Pryor v. Connolly

460 F. Supp. 2d 530, 2006 U.S. Dist. LEXIS 82177, 2006 WL 3222560
CourtDistrict Court, S.D. New York
DecidedNovember 8, 2006
Docket06 Civ. 1722(DC)
StatusPublished

This text of 460 F. Supp. 2d 530 (Pryor v. Connolly) is published on Counsel Stack Legal Research, covering District Court, S.D. New York primary law. Counsel Stack provides free access to over 12 million legal documents including statutes, case law, regulations, and constitutions.

Bluebook
Pryor v. Connolly, 460 F. Supp. 2d 530, 2006 U.S. Dist. LEXIS 82177, 2006 WL 3222560 (S.D.N.Y. 2006).

Opinion

OPINION

CHIN, District Judge.

Pro se petitioner Arthur Pryor petitions this Court for a writ of habeas corpus pursuant to 28 U.S.C. § 2254. Petitioner was convicted, following a jury trial in the Supreme Court of the State of New York, Bronx County, of robbery in the first and second degree and criminal possession of a weapon in the fourth degree. Petitioner was sentenced as a second felony offender to concurrent terms of twelve years, six years, and one year, respectively.

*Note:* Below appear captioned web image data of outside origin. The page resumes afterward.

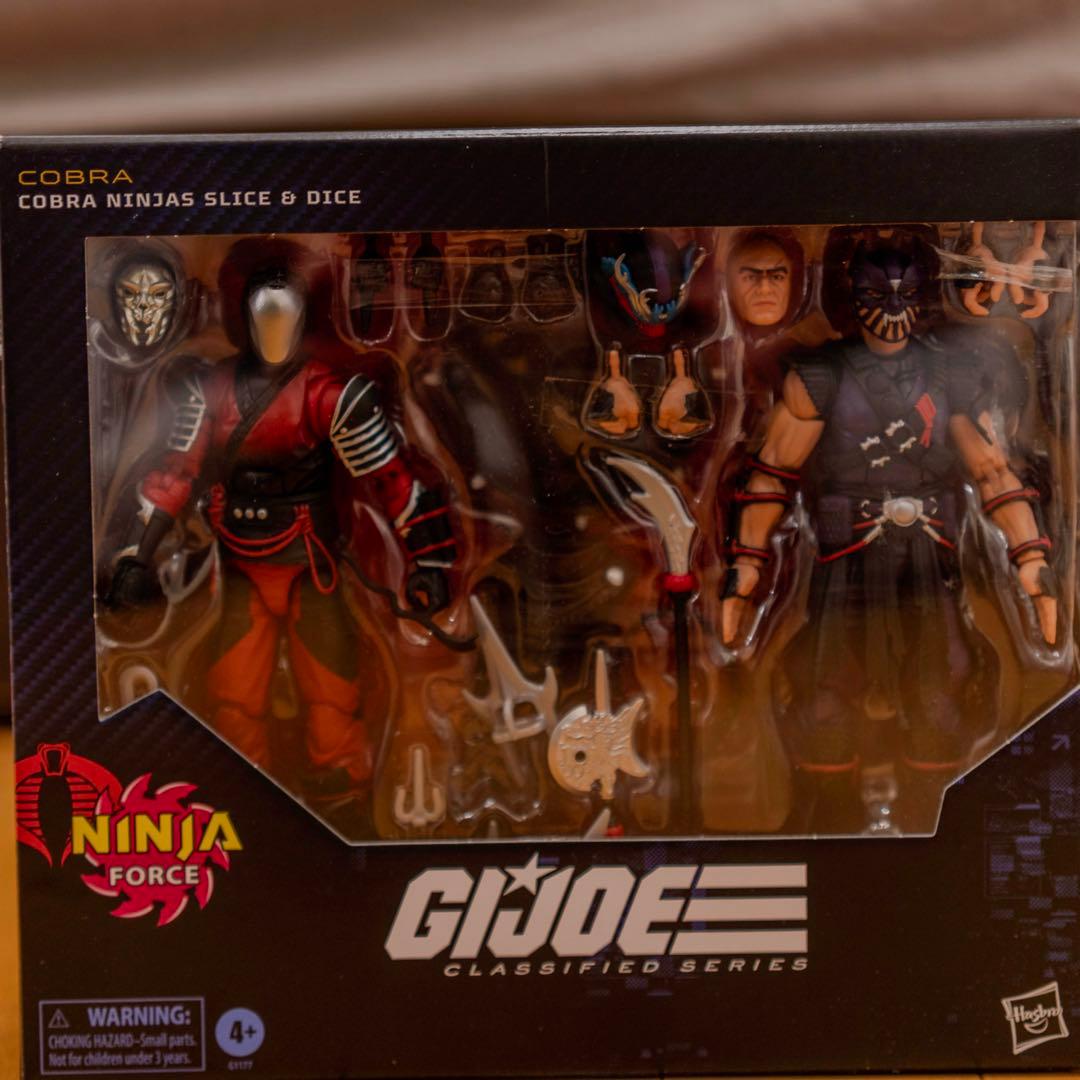 ハズブロ GIジョー コブラ ニンジャフォース ニンジャ スライス & ダイス G.I. Joe Classified Series #160, Cobra Ninjas Slice & Dice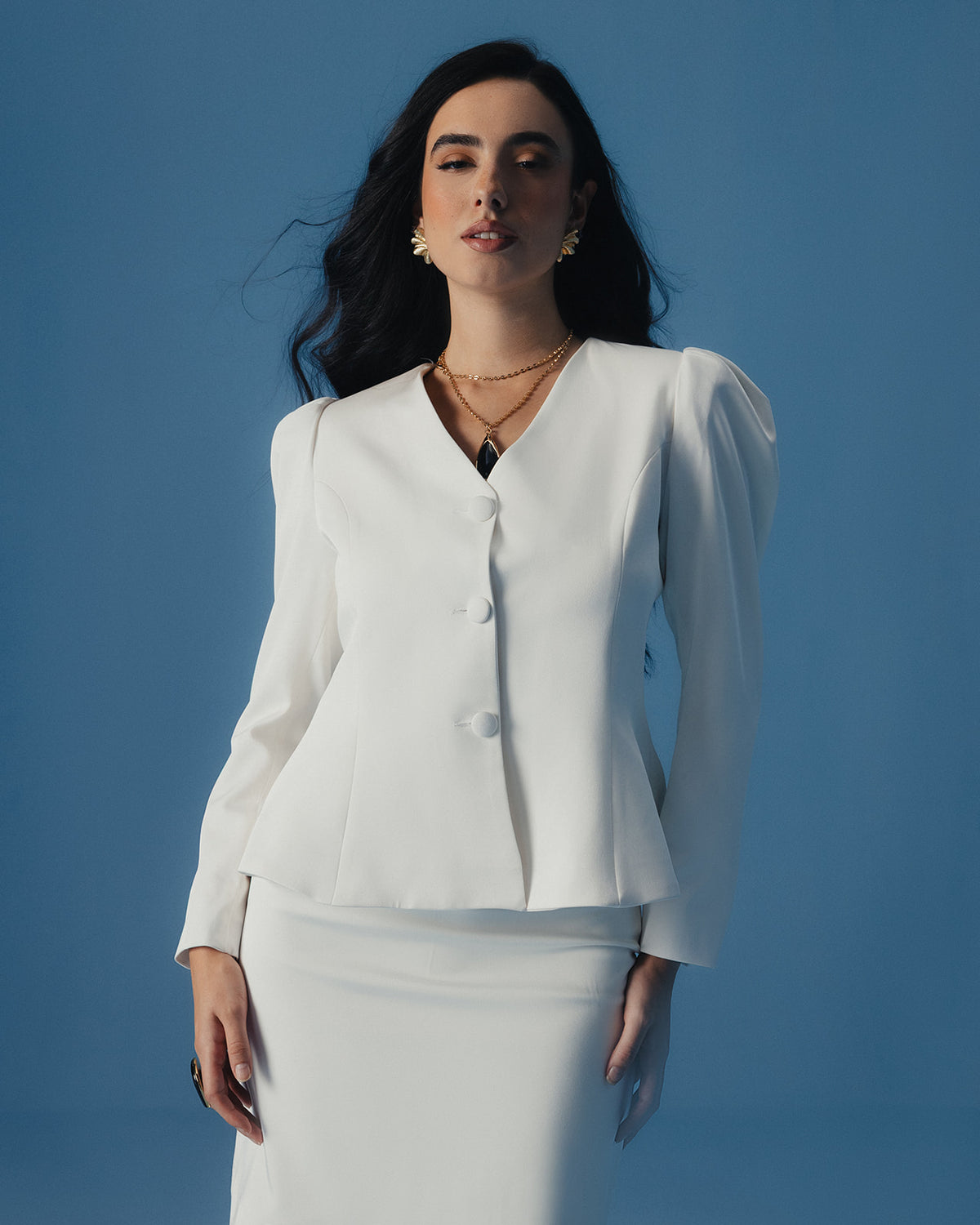 The Valerie Blazer in Ivory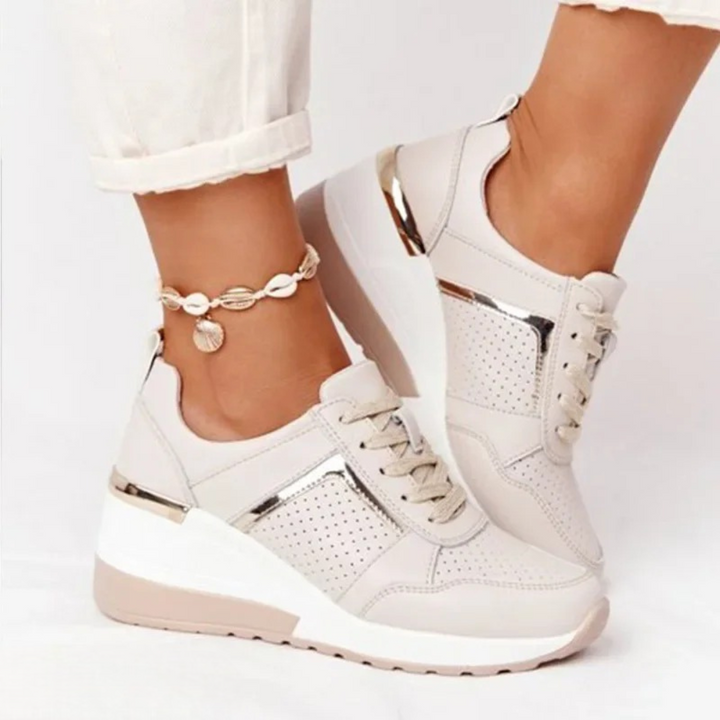 Women's Orthopedic Platform Sneakers with Wedge Sole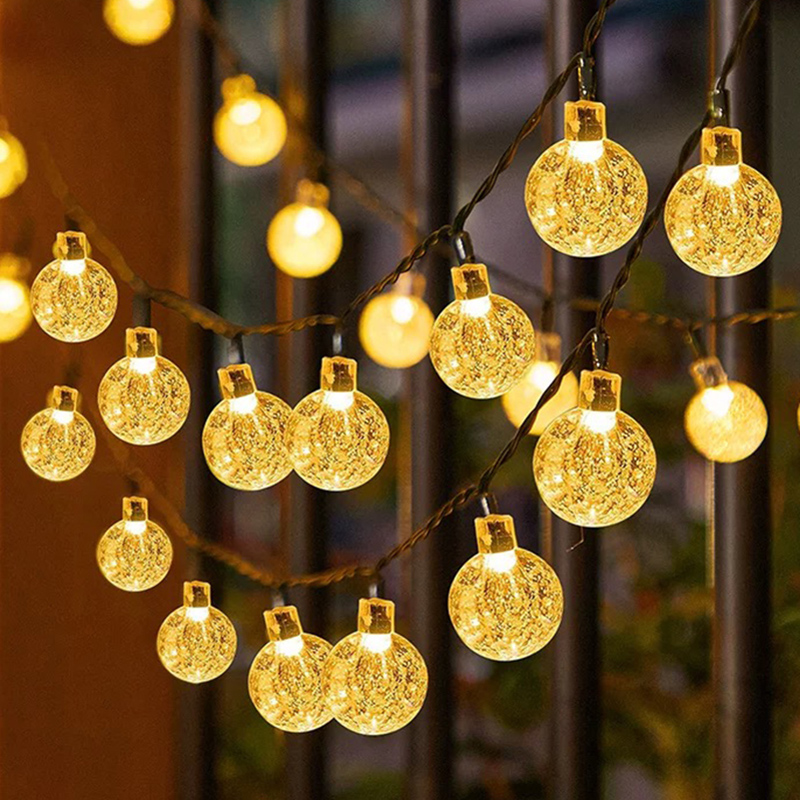 led new solar outdoor lights, household garden light strings, waterproof balcony garden led ambient light strips, hanging tree color lights Item Picture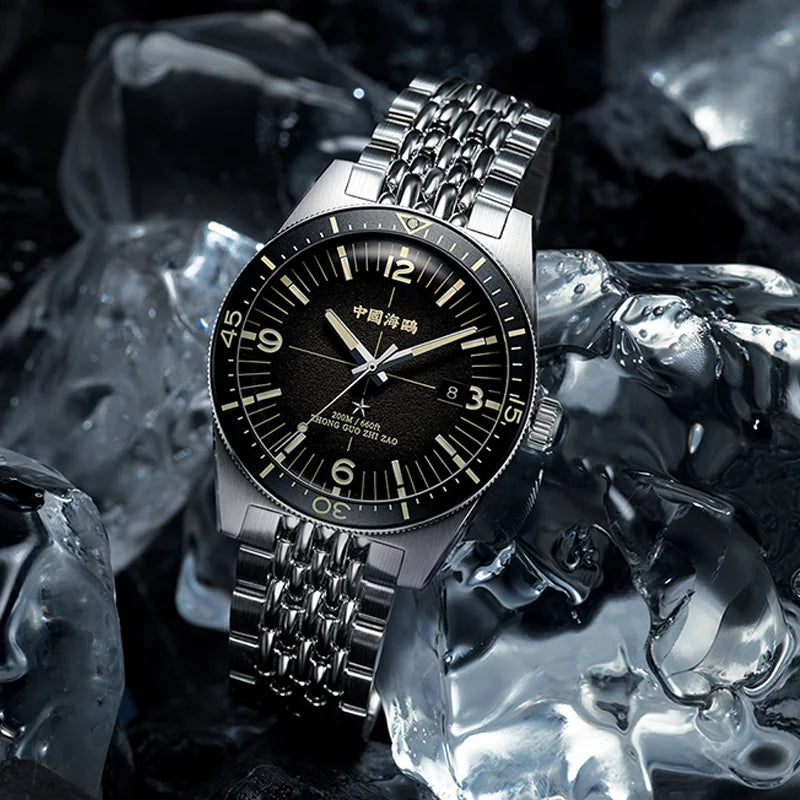 Seagull Deep Ocean Men's Automatic Mechanical Watch 200M Waterproof 316L Steel Luxury Diving Watches Sports Clock Reloj 1064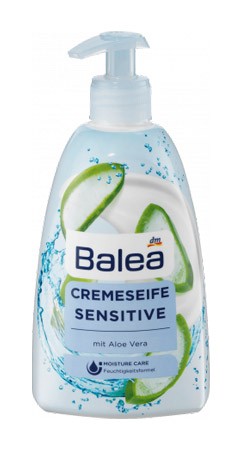 Мыло-крем жидкое БАЛЕА с Алоэ вера Sensitive 500мл с дозатором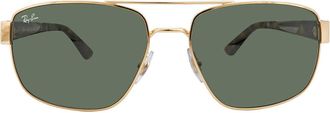 Ray-Ban G-15 Green Navigator Mens Sunglasses RB3663 001/31 60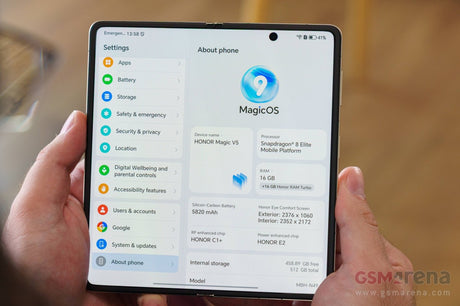 Honor Magic V5 Avrupa'da önceki modelini %75 daha fazla sattı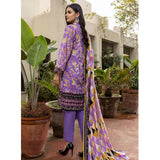 Anum Printed Lawn Unstitiched 3Pcs Suit V1 - B-3, Women, 3Pcs Shalwar Suit, Al-Zohaib Textiles, Chase Value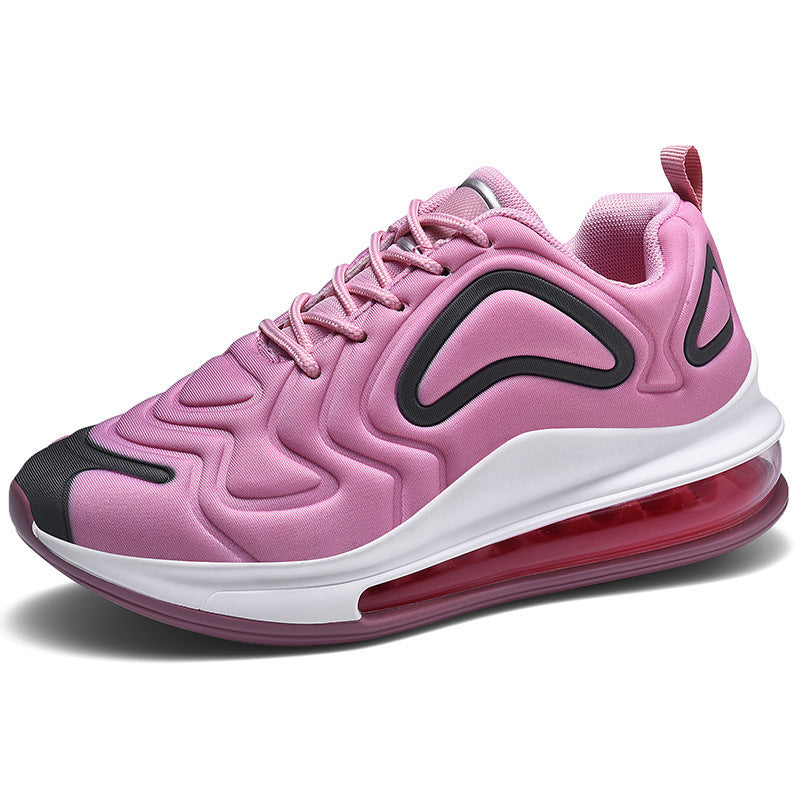 New Couple Sports Shoes, Large Size Full Palm Cushion, Shock Absorption, Breathable, Comfortable Casual Running Men's Shoes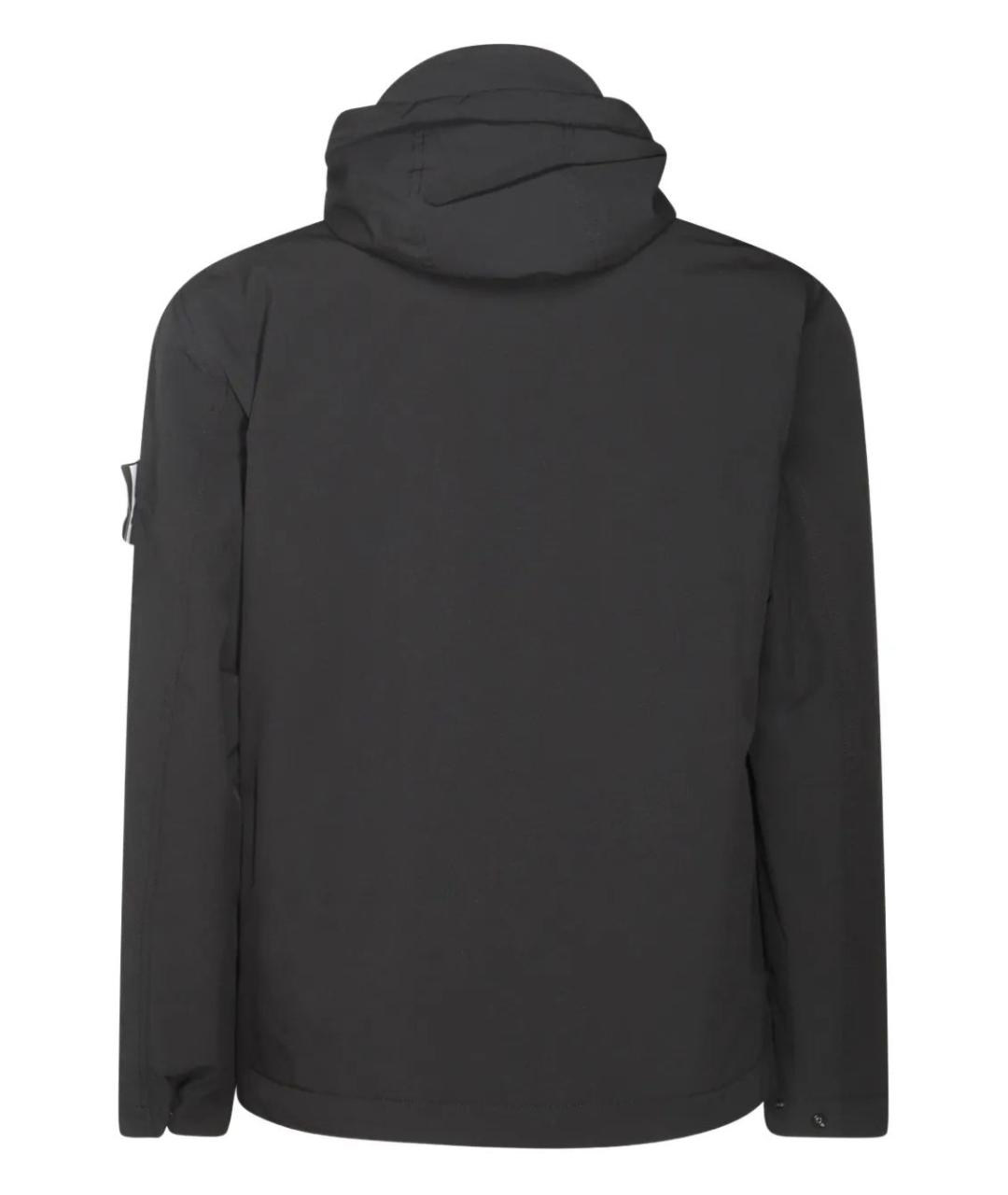 STONE ISLAND Черная куртка, фото 2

Petitioner contests his conviction on the following grounds: (1) the trial court violated his Sixth Amendment right of confrontation; and (2) he was denied effective assistance of appellate counsel. For the reasons that follow, the petition is denied.

BACKGROUND

I. The Facts

The following is a summary of the facts adduced at trial.

A. The Robbery

On Sunday, August 29, 1999, Catherine Arez boarded a southbound Number 5 train at the Bronx 149th Street station to go to work in Manhattan. (2/20/01 Trial Transcript (“Tr.”) at 32-33). When Arez entered the subway car, she saw only two other people — a man and a woman. (Id. at 34). After the train doors closed, the man and woman proceeded to rob Arez. (Id. at 41-54). The man pulled out a pocket knife and held it against Arez’s throat. (Id. at 41). While face-to-face with Arez, the man told Arez to give him everything she had. (Id. at 42). The woman on the train then proceeded to remove Arez’s necklace, *532 while Arez handed her rings over to the man. {Id. at 45-46). The robbers also took Arez’s wallet, Metrocard, and sixteen dollars in cash. {Id. at 46-50). When the train reached the next stop at the 138th Street station, the man and woman exited the train. {Id. at 52-53).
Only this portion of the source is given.